● Pictures with short captions
:::

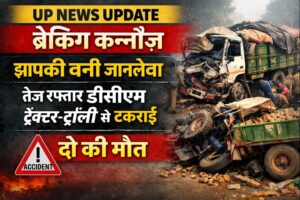 UP NEWS UPDATE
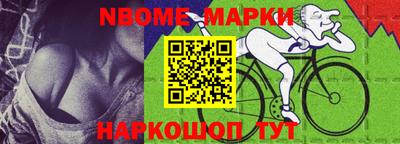 jwh Кандалакша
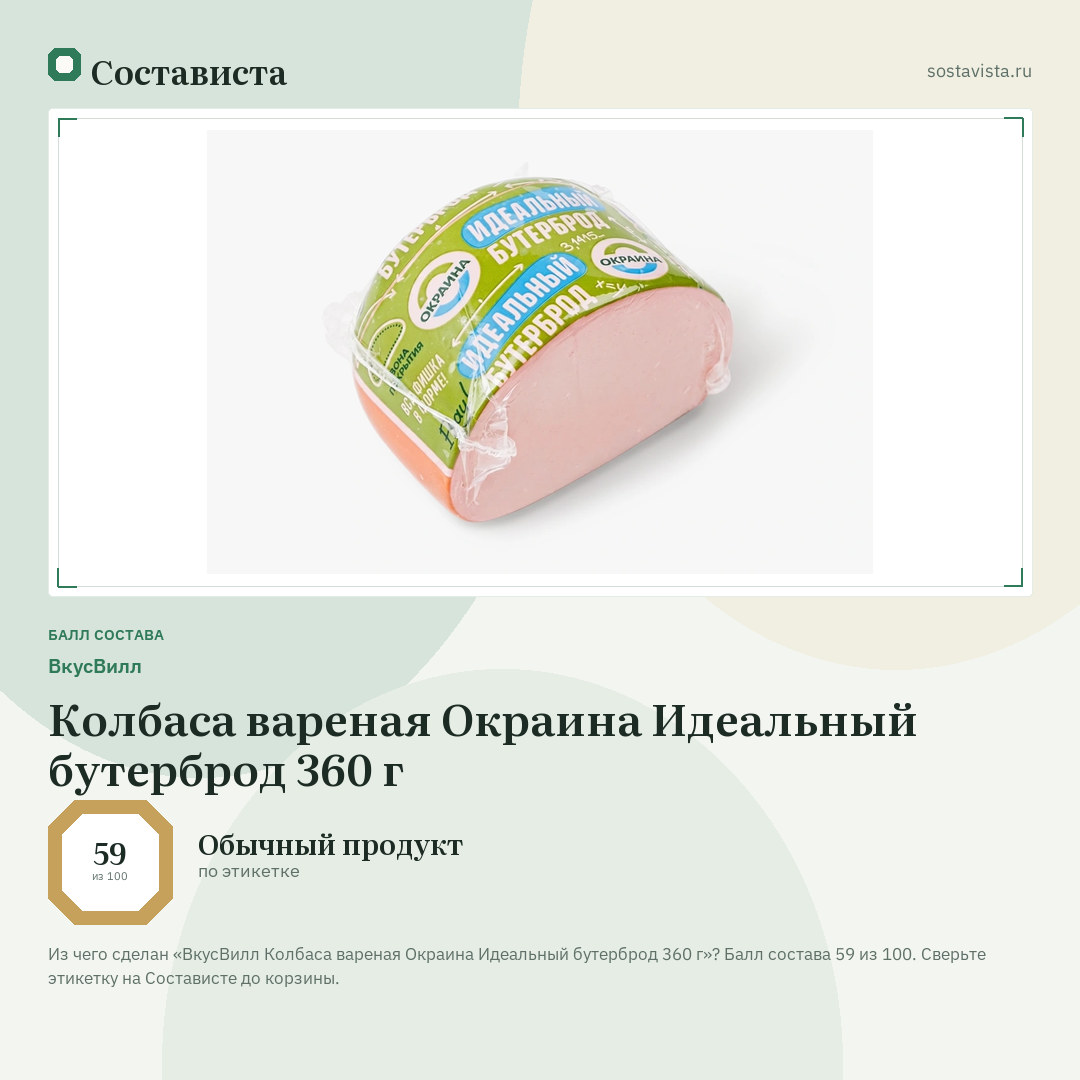 ВкусВилл Колбаса вареная Окраина Идеальный бутерброд 360 г: балл состава 59 из 100 — Состависта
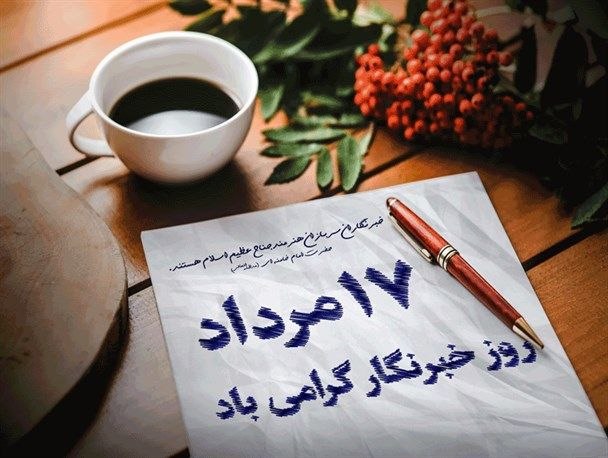 هیئت سوارکاری گنبد: پیام تبریک روز خبرنگاربه مناسبت فرارسیدن هفدهم مردادماه، روز خبرنگار، این روز ارزشمند را به تمامی خبرنگاران پرتلاش، متعه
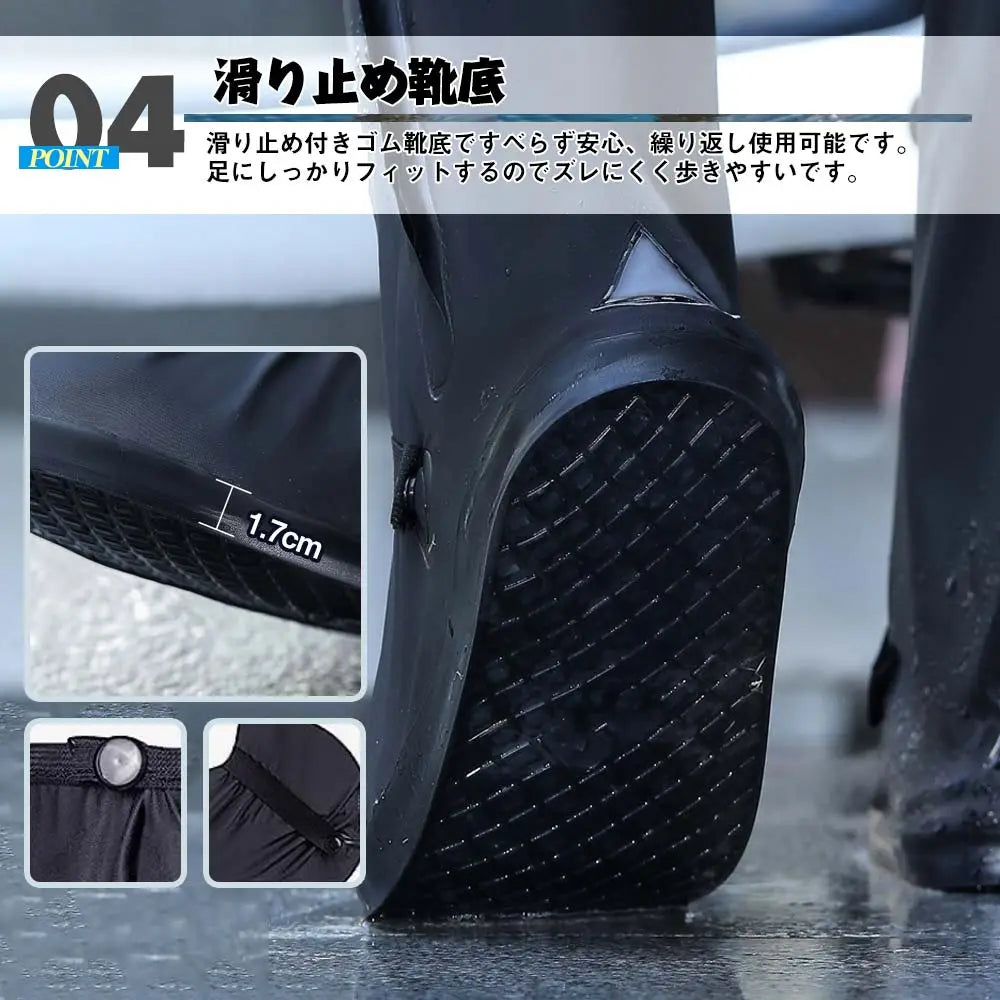 【夏のゲリラ雷雨対策の新定番】 楽足ガード™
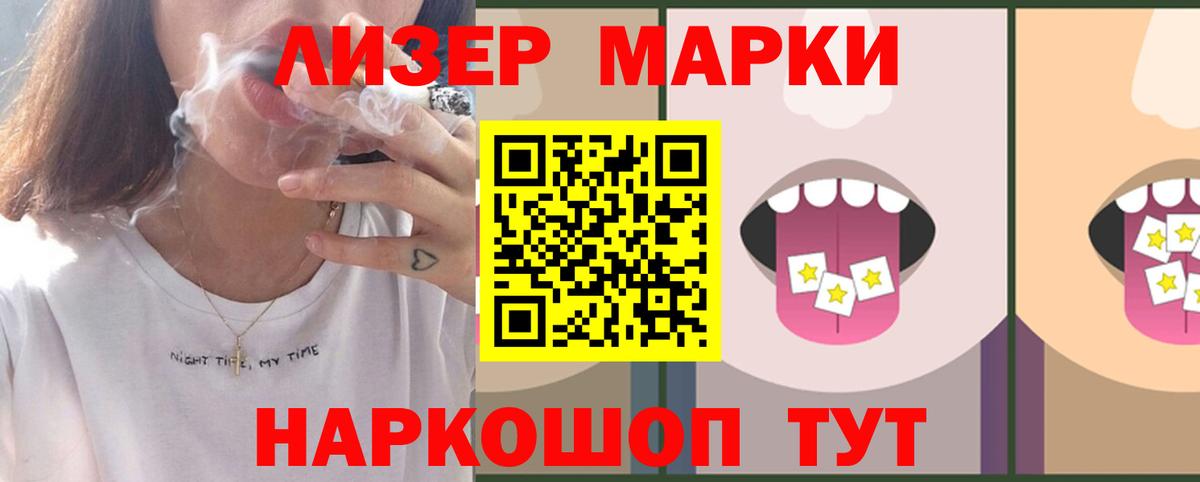 Заинск  omg сайт  Вход с VPN  ЛСД экстази ecstasy  Лсд 25 экстази ecstasy  LSD-25 экстази 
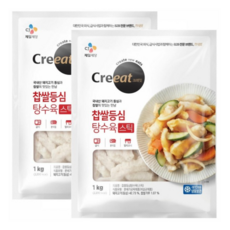 CJ 크레잇 찹쌀 등심 탕수육 스틱형 1kg, 2개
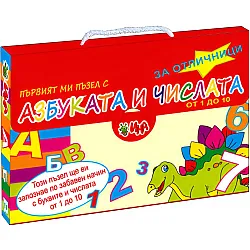 Първият ми пъзел с азбуката и числата (куфарче с динозаври)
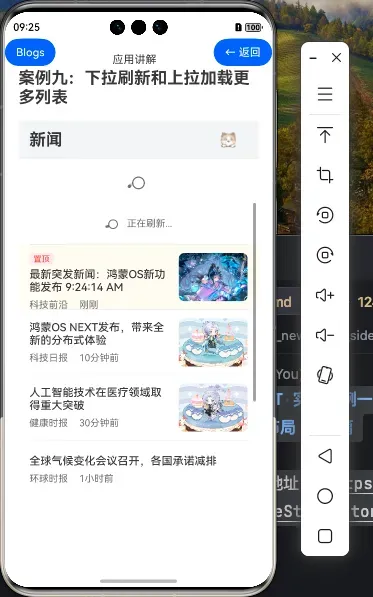 150.[HarmonyOS NEXT 实战案例十一:List系列] 下拉刷新和上拉加载更多列表组件实战：打造高效新闻应用 进阶-鸿蒙开发者社区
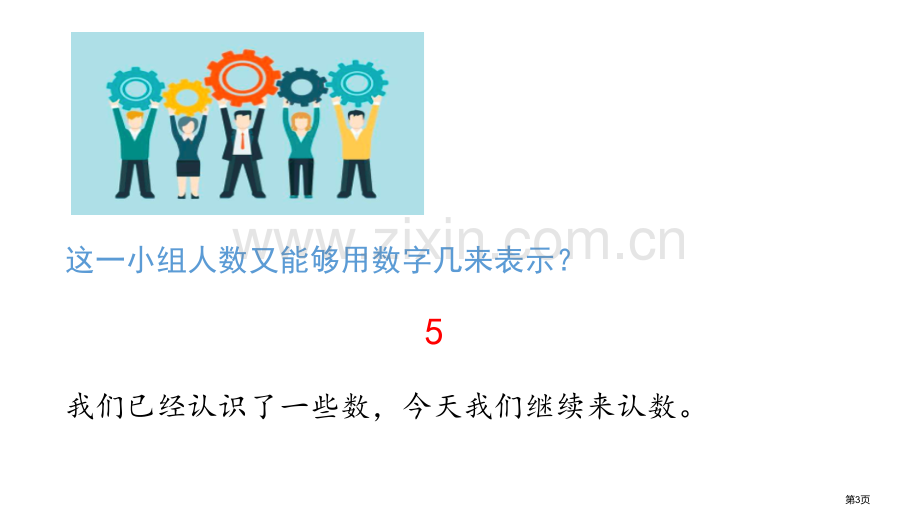 11到20各数的认识认识11-20各数省公开课一等奖新名师优质课比赛一等奖课件.pptx_第3页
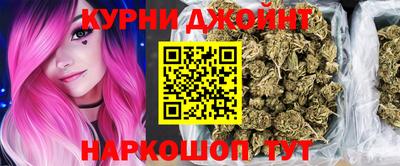 mdpv Анапа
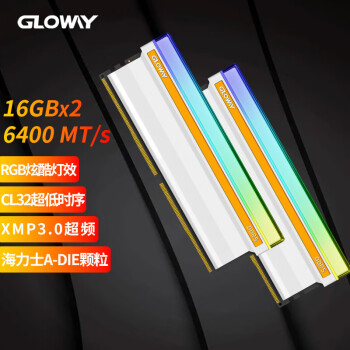 光威（Gloway）6400/6800 DDR5 台式机内存 神策RGB系列 海力士颗粒 【16Gx2】D5 6400 神策海力士A-die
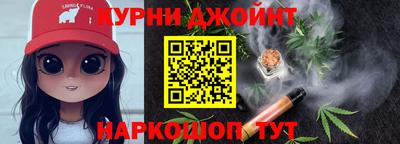 бутик Лесосибирск
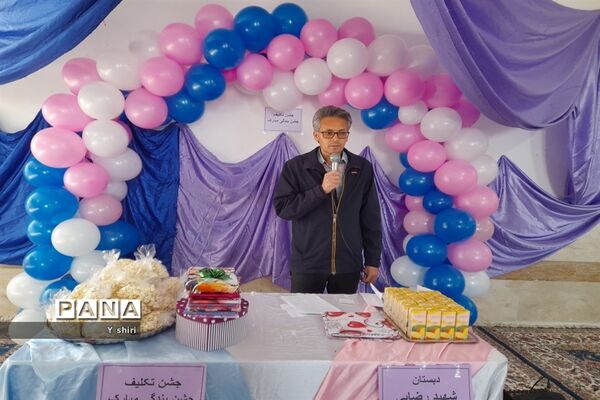 جشن عبادت و بهار بندگی دانش‌آموزان
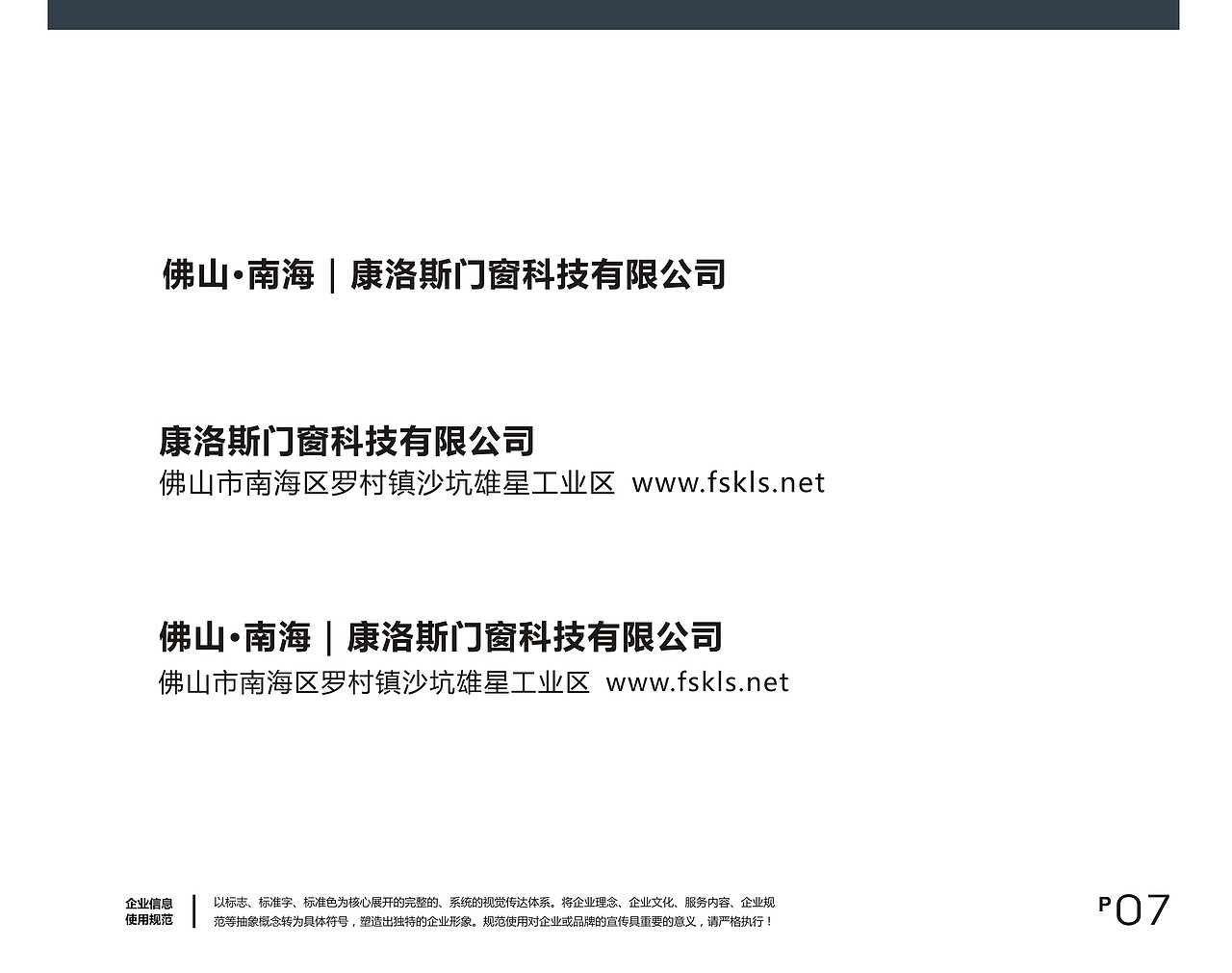 康洛斯VI（图ZMTM1OTYxMDQ0） - 品牌 - 站酷设计师cc斌原创素材 - 站酷ZCOOL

:::

● Requirement
Exact repetition is the task: every line from the start of the data to the line with "جشن عبادت و بهار بندگی دانش‌آموزان", inclusive, and none after it, pictures omitted.

● Answer below
 UP NEWS UPDATE
 jwh Кандалакша
 ВкусВилл Колбаса вареная Окраина Идеальный бутерброд 360 г: балл состава 59 из 100 — Состависта
 هیئت سوارکاری گنبد: پیام تبریک روز خبرنگاربه مناسبت فرارسیدن هفدهم مردادماه، روز خبرنگار، این روز ارزشمند را به تمامی خبرنگاران پرتلاش، متعه
 【夏のゲリラ雷雨対策の新定番】 楽足ガード™
 Заинск  omg сайт  Вход с VPN  ЛСД экстази ecstasy  Лсд 25 экстази ecstasy  LSD-25 экстази 
 CJ 크레잇 찹쌀 등심 탕수육 스틱형 1kg, 2개
 Първият ми пъзел с азбуката и числата (куфарче с динозаври)
 150.[HarmonyOS NEXT 实战案例十一:List系列] 下拉刷新和上拉加载更多列表组件实战：打造高效新闻应用 进阶-鸿蒙开发者社区
 11到20各数的认识认识11-20各数省公开课一等奖新名师优质课比赛一等奖课件.pptx_第3页
 mdpv Анапа
 光威（Gloway）6400/6800 DDR5 台式机内存 神策RGB系列 海力士颗粒 【16Gx2】D5 6400 神策海力士A-die
 бутик Лесосибирск
 جشن عبادت و بهار بندگی دانش‌آموزان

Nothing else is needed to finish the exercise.